AIM OF THE TASK:
Your output should match the listing below word for word, without any images.
(TASK MATERIAL begins)
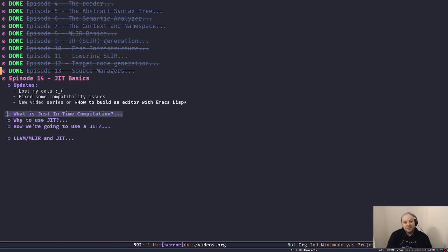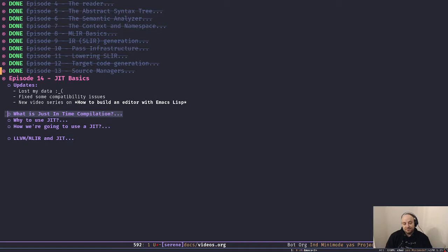Hey lovely people, welcome back to the channel. I hope you're doing great and Merry Christmas in advance. In today's episode of 'How to Build a Compiler with LLVM and MLIR', I'm going to talk about JIT basics.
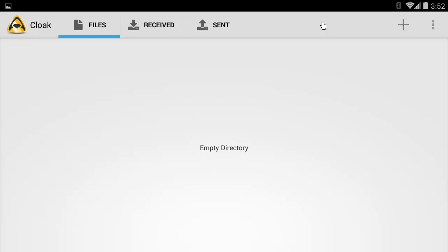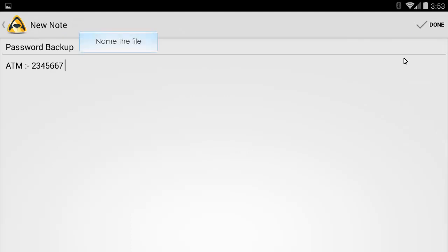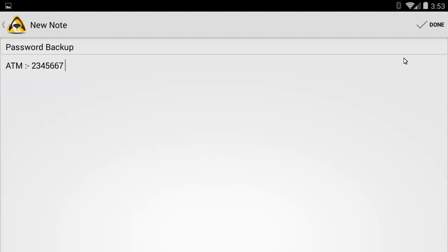Click on the plus button to create a new text file. Select New Note from the list. Name the note. Add your private text, for example, your account password. Click Done.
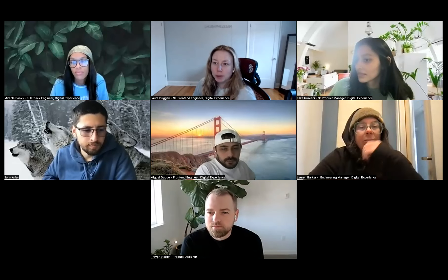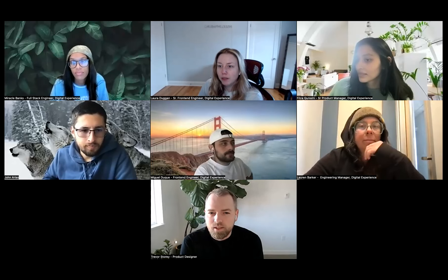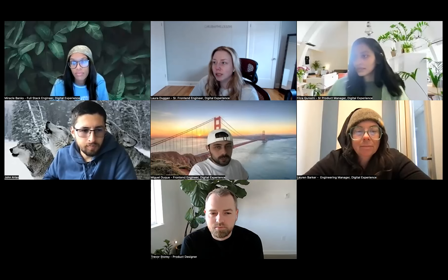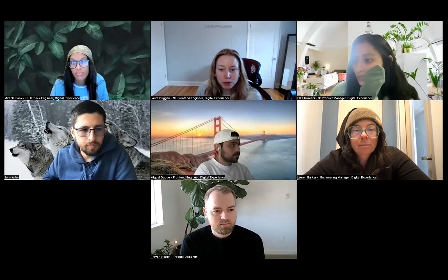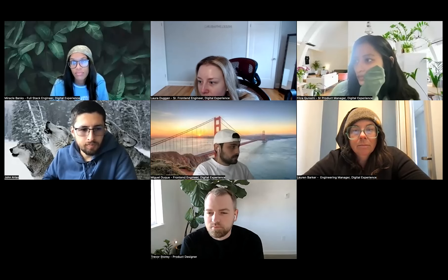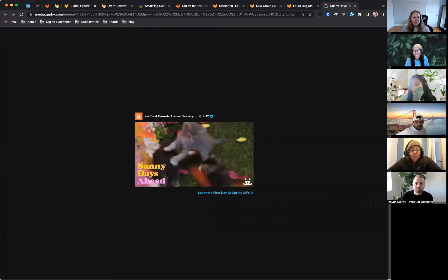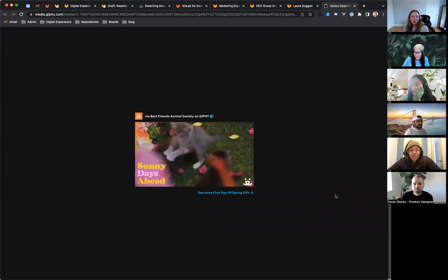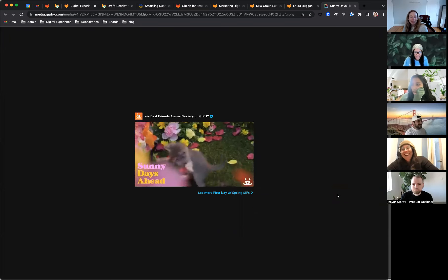Hi everyone. Welcome to Digital Experience. This is the Search and App Support Group iteration planning video. We'll go over what we plan on working on for the next two-week sprint. Today is Monday, March 27th, and I will start off by showing our mascot for the iteration. It is officially spring. This is a view of us excitedly anticipating nicer weather.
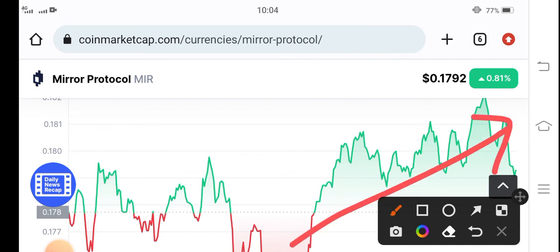It's going to pump in the market, so that's why I'm telling you, I'm recommending Mirror Protocol coin for buying. If you want to buy, it's the best time for buying.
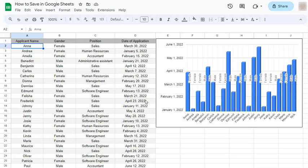In Google Sheets, all the changes that you make to your spreadsheet are automatically saved into the drive.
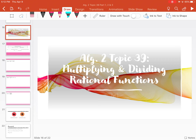Welcome back to topic 39 for Algebra 2, Multiplying and Dividing Rational Functions. In part 3, we're going to practice dividing rational expressions.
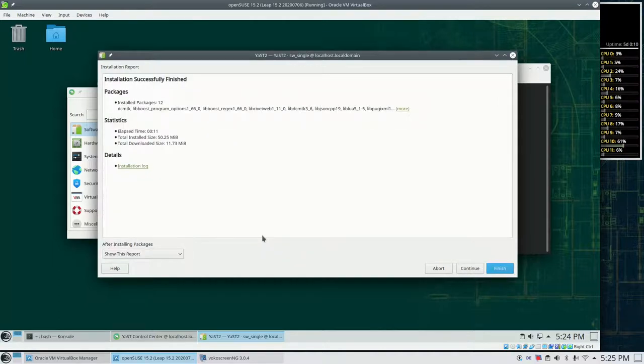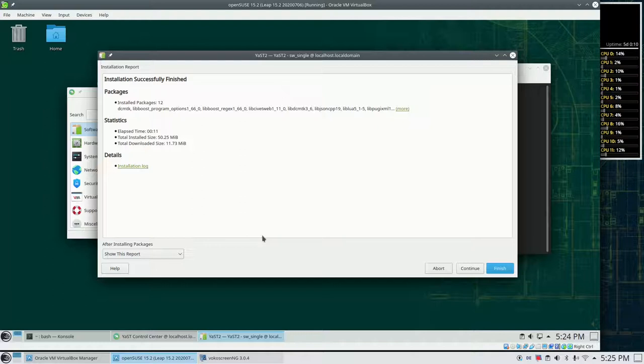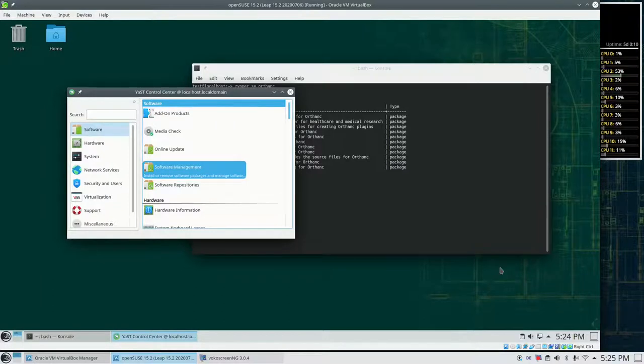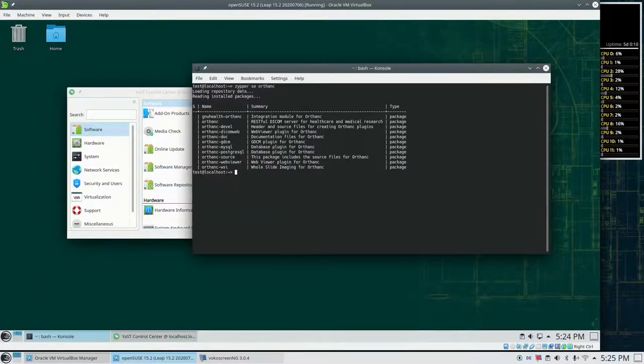So that was it already. The whole installation took us about 11 seconds. I finished this. What can we do now?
(TASK MATERIAL ends)
TASK OUTPUT:
Hey lovely people, welcome back to the channel. I hope you're doing great and Merry Christmas in advance. In today's episode of 'How to Build a Compiler with LLVM and MLIR', I'm going to talk about JIT basics.
Click on the plus button to create a new text file. Select New Note from the list. Name the note. Add your private text, for example, your account password. Click Done.
Hi everyone. Welcome to Digital Experience. This is the Search and App Support Group iteration planning video. We'll go over what we plan on working on for the next two-week sprint. Today is Monday, March 27th, and I will start off by showing our mascot for the iteration. It is officially spring. This is a view of us excitedly anticipating nicer weather.
It's going to pump in the market, so that's why I'm telling you, I'm recommending Mirror Protocol coin for buying. If you want to buy, it's the best time for buying.
In Google Sheets, all the changes that you make to your spreadsheet are automatically saved into the drive.
Welcome back to topic 39 for Algebra 2, Multiplying and Dividing Rational Functions. In part 3, we're going to practice dividing rational expressions.
So that was it already. The whole installation took us about 11 seconds. I finished this. What can we do now?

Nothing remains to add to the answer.